Hive supports SQL1999-style STRUCTs (and ARRAYs), whether they be native Hive tables, Avro-backed tables, or other SerDe.

Tip 1: INSERT

While querying is straightforward using the dot notation familiar from Java, etc.
SELECT z.a FROM oc;
INSERTing requires use of the peculiar named_struct:
echo 1,2 >twovalues.csv
hive
CREATE TABLE tc (x INT, y INT) ROW FORMAT DELIMITED FIELDS TERMINATED BY ',';
LOAD DATA LOCAL INPATH 'twovalues.csv' INTO TABLE tc;
CREATE TABLE oc (z STRUCT<a: int, b: int>);
INSERT INTO TABLE oc SELECT named_struct('a', x, 'b', y) FROM tc;

Tip 2: NULLs

HiveQL DDL has no option in its CREATE TABLE syntax to specify that a column be NULLable. That's because in the Hadoop/HDFS/Big Data philosophy, data is in general allowed to be missing, and that translates nicely to the SQL concept of NULL in Hive/HiveQL.
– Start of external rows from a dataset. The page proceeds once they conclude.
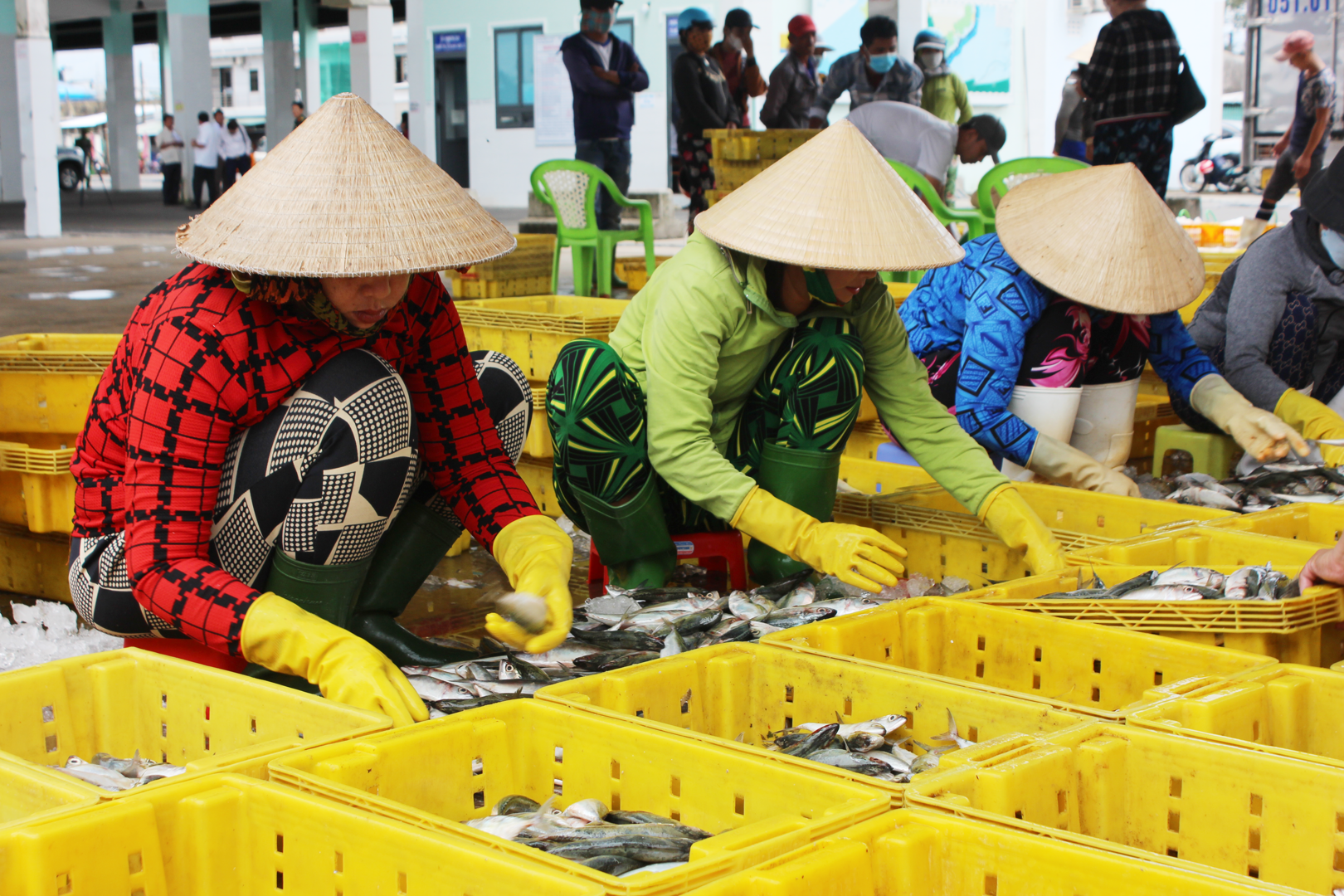 Kiên Giang: Tập trung nguồn lực gỡ thẻ vàng EC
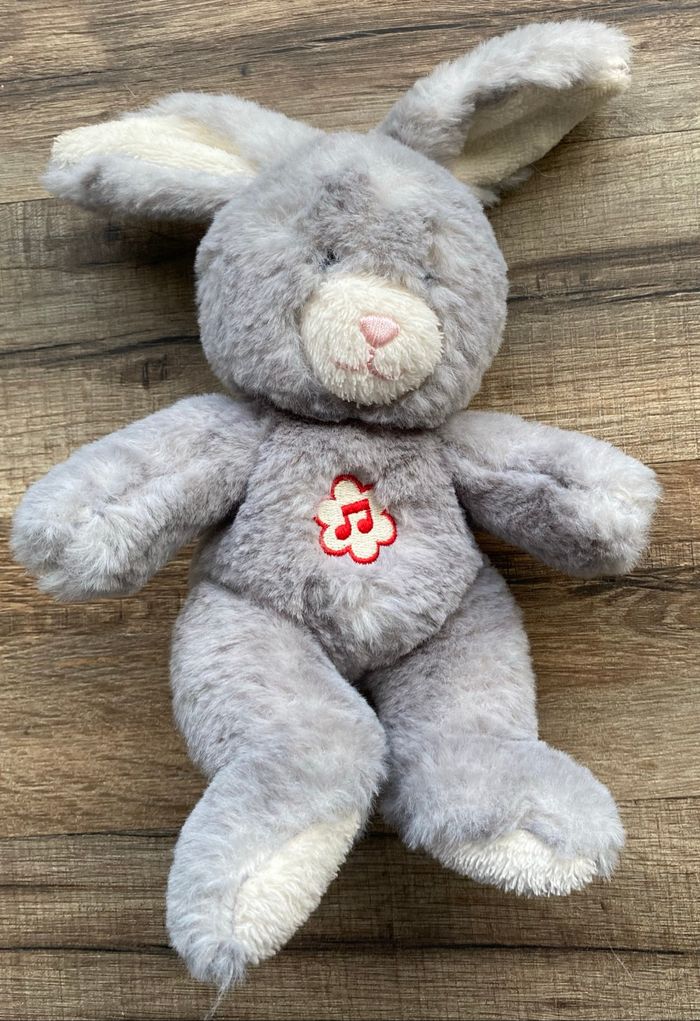 Lapin - photo numéro 3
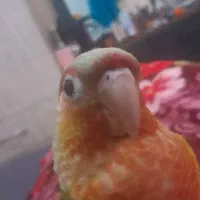 طوطی گرینچیک بهترین رنگقیمت با قفس ۶ ملیون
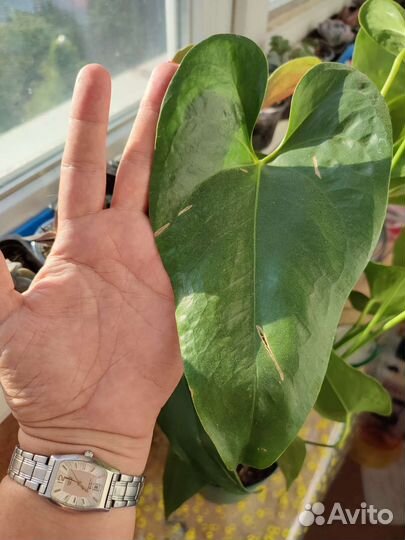 Комнатные цветы антуриум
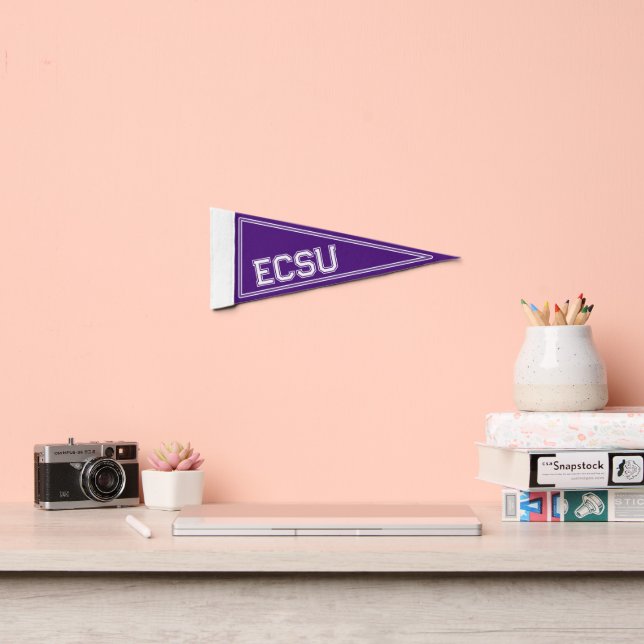 Custom College Purple Pennant Flag (Insitu 2)
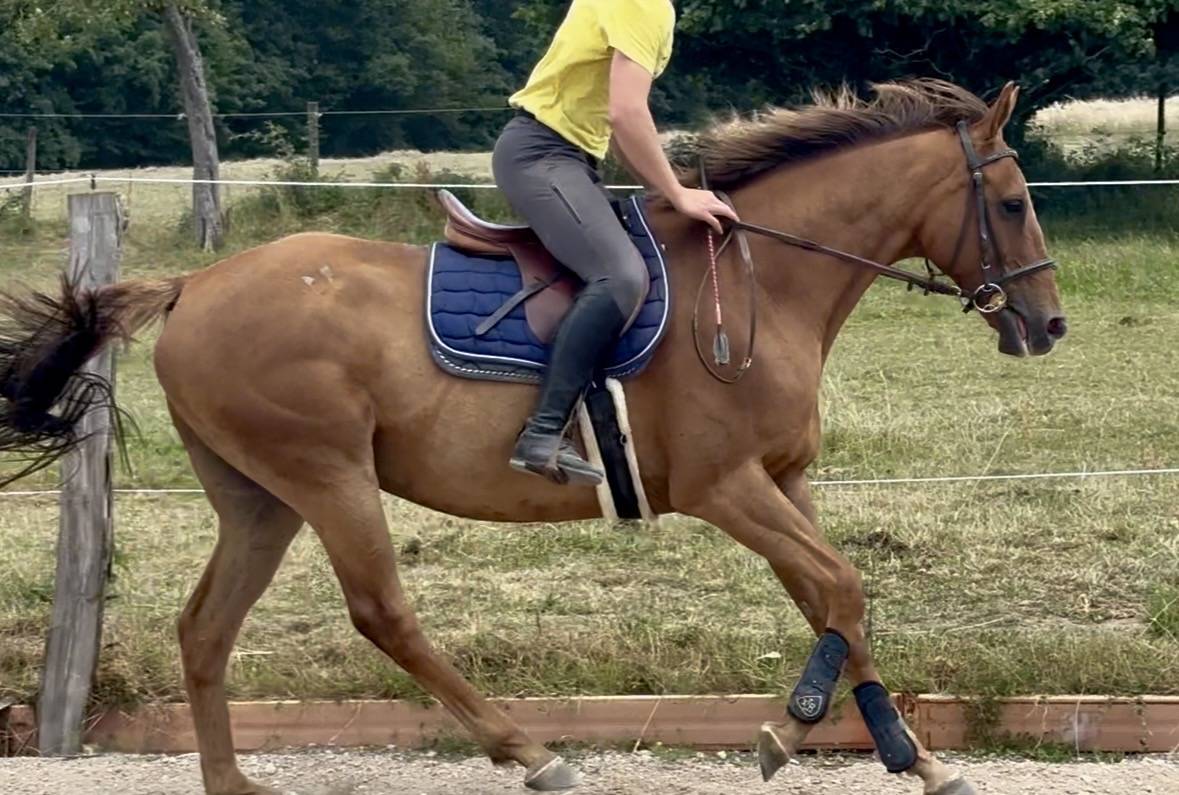 Gelding AQPS For sale 2018 Chesnut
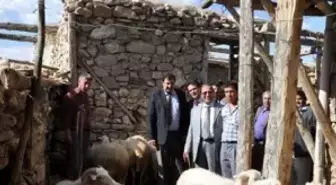 Antalya Bürosu'nun Bölge Haberleri (2)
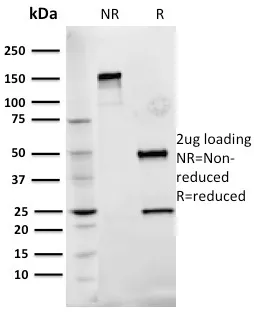 Anti-Fibronectin(Fn-3) - image 1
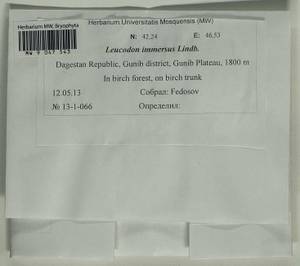 Leucodon immersus Lindb., Bryophytes, Bryophytes - North Caucasus & Ciscaucasia (B12) (Russia)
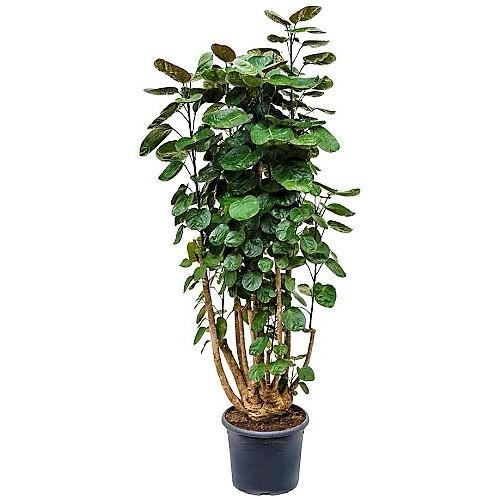 Aralia Fabian, Polyscias Fabian - Image 3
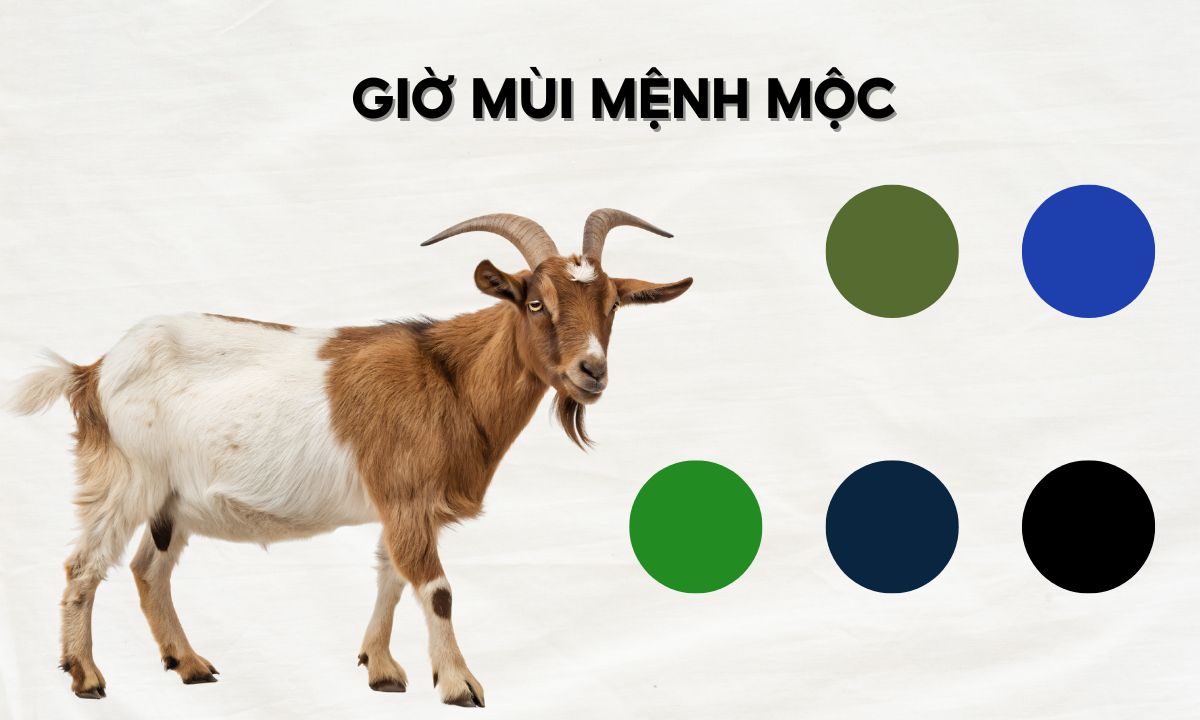 nguoi sinh gio mui menh moc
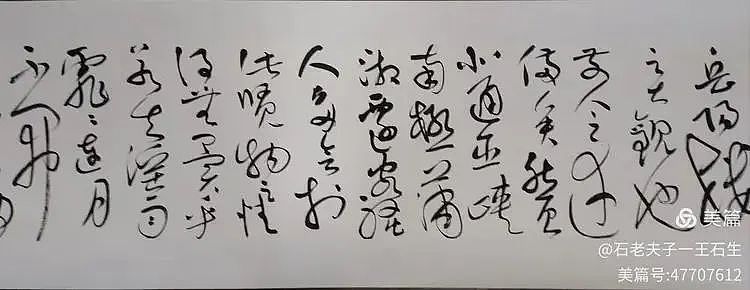 第三届澳中文化交流艺术节即将在悉尼与墨尔本举办！（组图） - 63
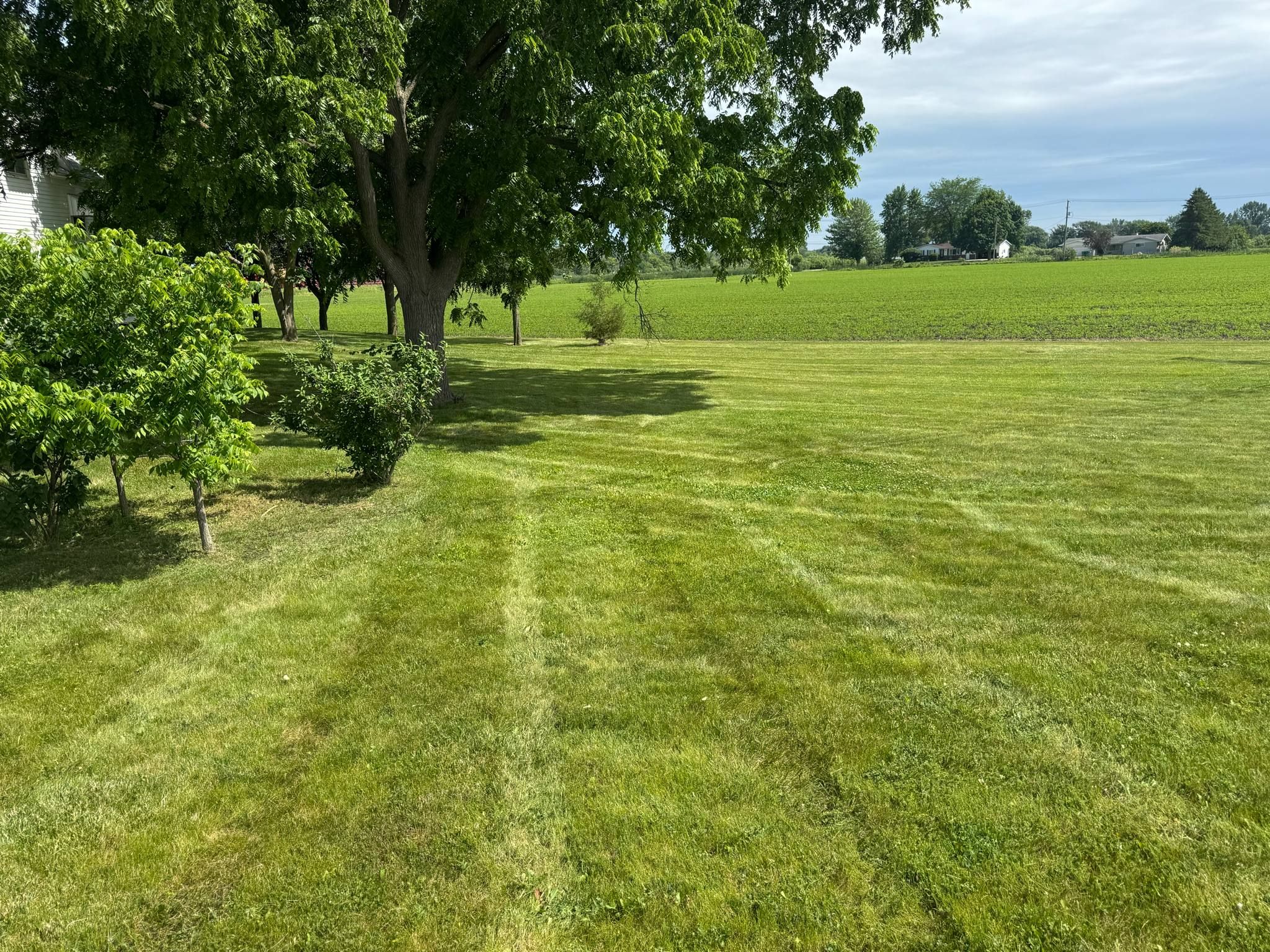  for Daugherty's Tough Lawn Care in Essexville, MI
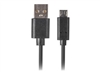 USB кабели –  – CA-USBM-20CU-0010-BK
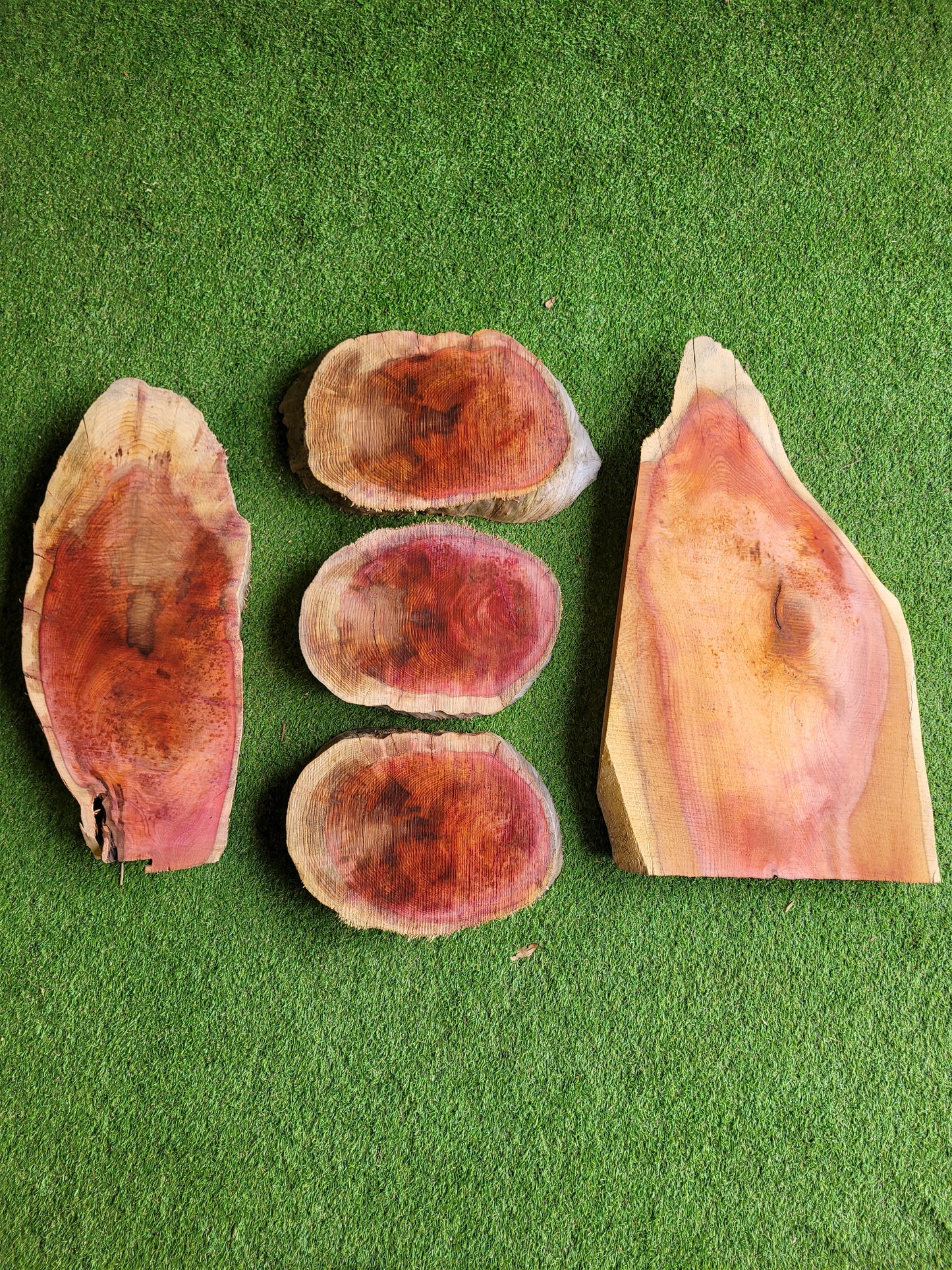 Yew Live Edge Boards Pack 5 Pieces (0050)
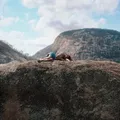 Longa com baiana Luciana Souza é destaque no Olhar de Cinema imagem
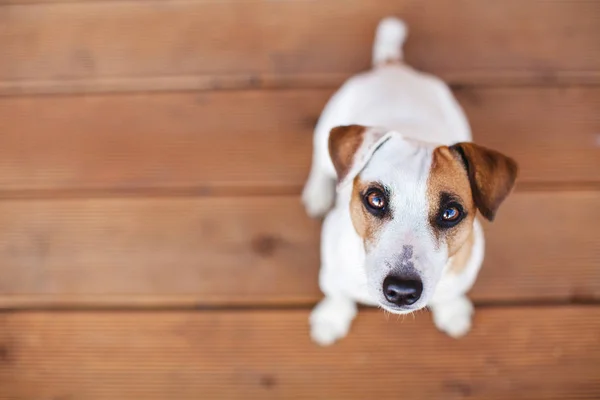 Ahşap zeminde bir köpek — Stok fotoğraf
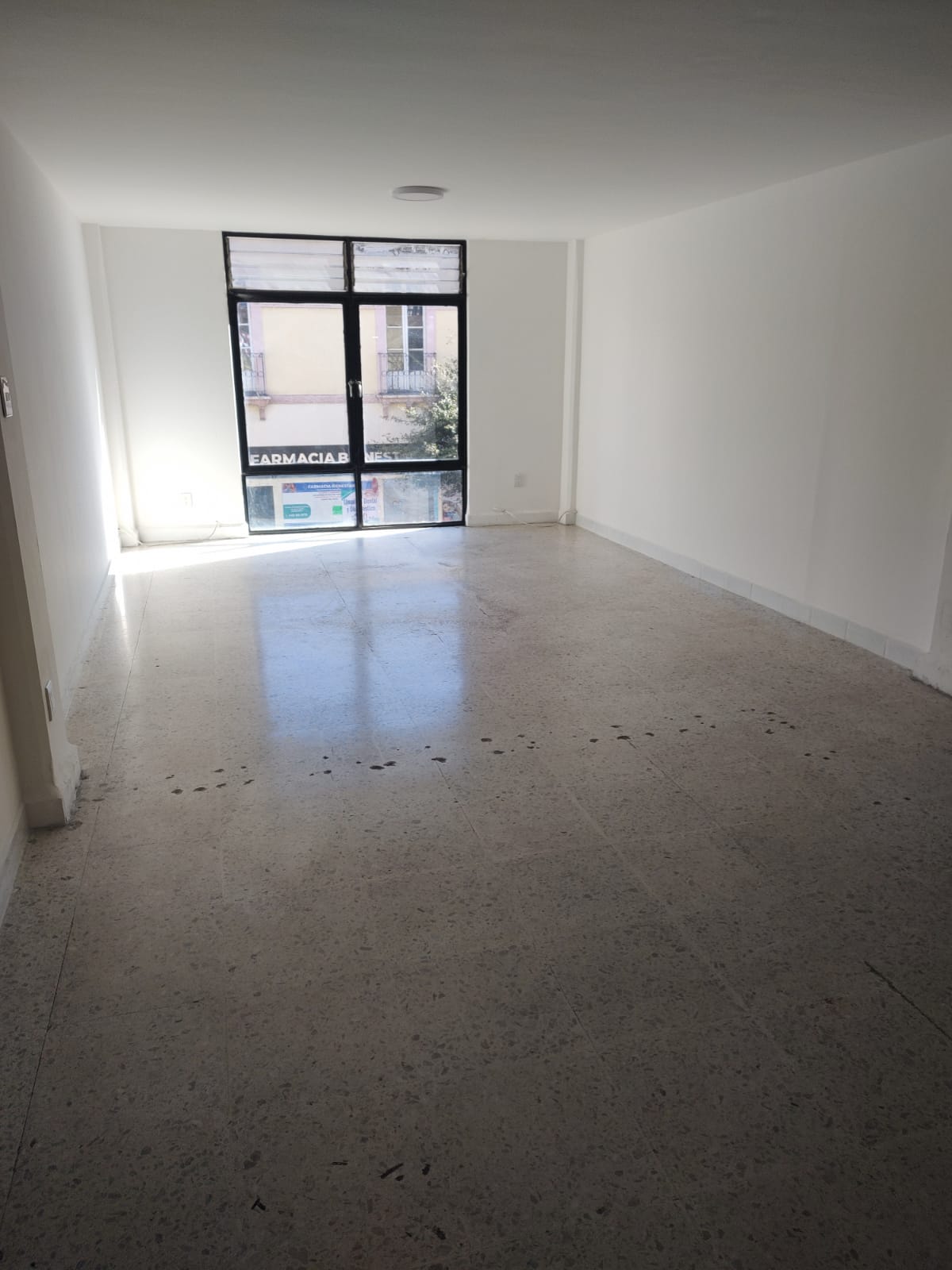 WhatsApp Image 2024-09-20 at 9.13.58 PM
However, that doesn't extend to STRUCTs in HiveQL. Apparently neither columns within STRUCTs nor the STRUCTs themselves can be NULLs.

Thus there is this odd restriction: while all regular Hive columns must be NULLable, all STRUCT Hive columns must be non-NULLable. That's quite a polarization of behavior for a DDL that doesn't even have a keyword "NULL".

The following:
INSERT INTO TABLE oc SELECT null FROM tc;
produces the error
FAILED: SemanticException [Error 10044]: Line 1:18 Cannot insert into target
table because column number/types are different 'oc': Cannot convert column 0
from void to struct<a:int,b:int>.
And the following:
INSERT INTO TABLE oc SELECT named_struct('a', null, 'b', null) FROM tc;
produces the error:
FAILED: SemanticException [Error 10044]: Line 1:18 Cannot insert into target
table because column number/types are different 'oc': Cannot convert column 0
from struct<a:void,b:void> to struct<a:int,b:int>.

1 comment:

intransit said...

You can actually do this, it's just a major pain in the back side:

INSERT INTO TABLE oc SELECT named_struct('a', cast(null as int), 'b', cast(null as int)) FROM tc;